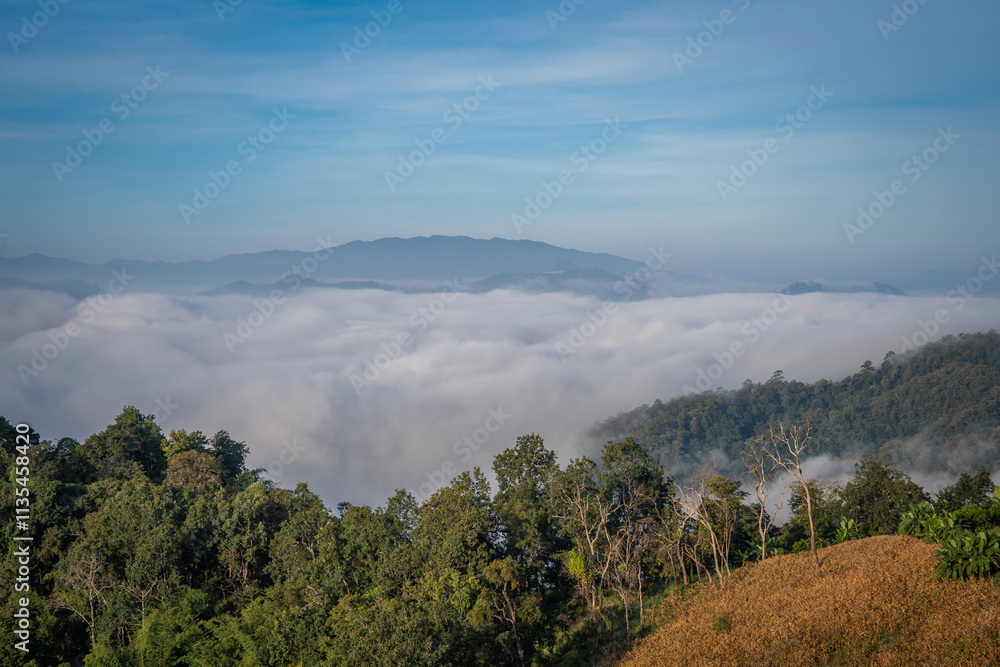 tourist come to see very beautiful fog lake in the morning on the mountain village mae taeng chiangmai thailand tourist come to see very beautiful fog lake in the morning on the mountain village mae taeng chiangmai thailand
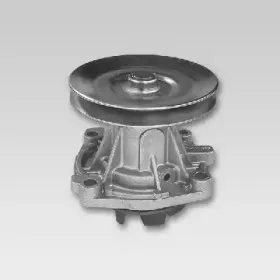 hepu-p012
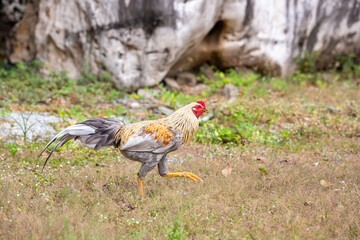 Black rooster or chicken. Rooster isolated on Nature background. A smart Thai rooster. Chickens walk on the grass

§ **DESCRIPTION OF THE TASK**
Your task is to output the material word for word while leaving out every image.

§ **TASK RESULT**
 tourist come to see very beautiful fog lake in the morning on the mountain village mae taeng chiangmai thailand tourist come to see very beautiful fog lake in the morning on the mountain village mae taeng chiangmai thailand
 hepu-p012
 Black rooster or chicken. Rooster isolated on Nature background. A smart Thai rooster. Chickens walk on the grass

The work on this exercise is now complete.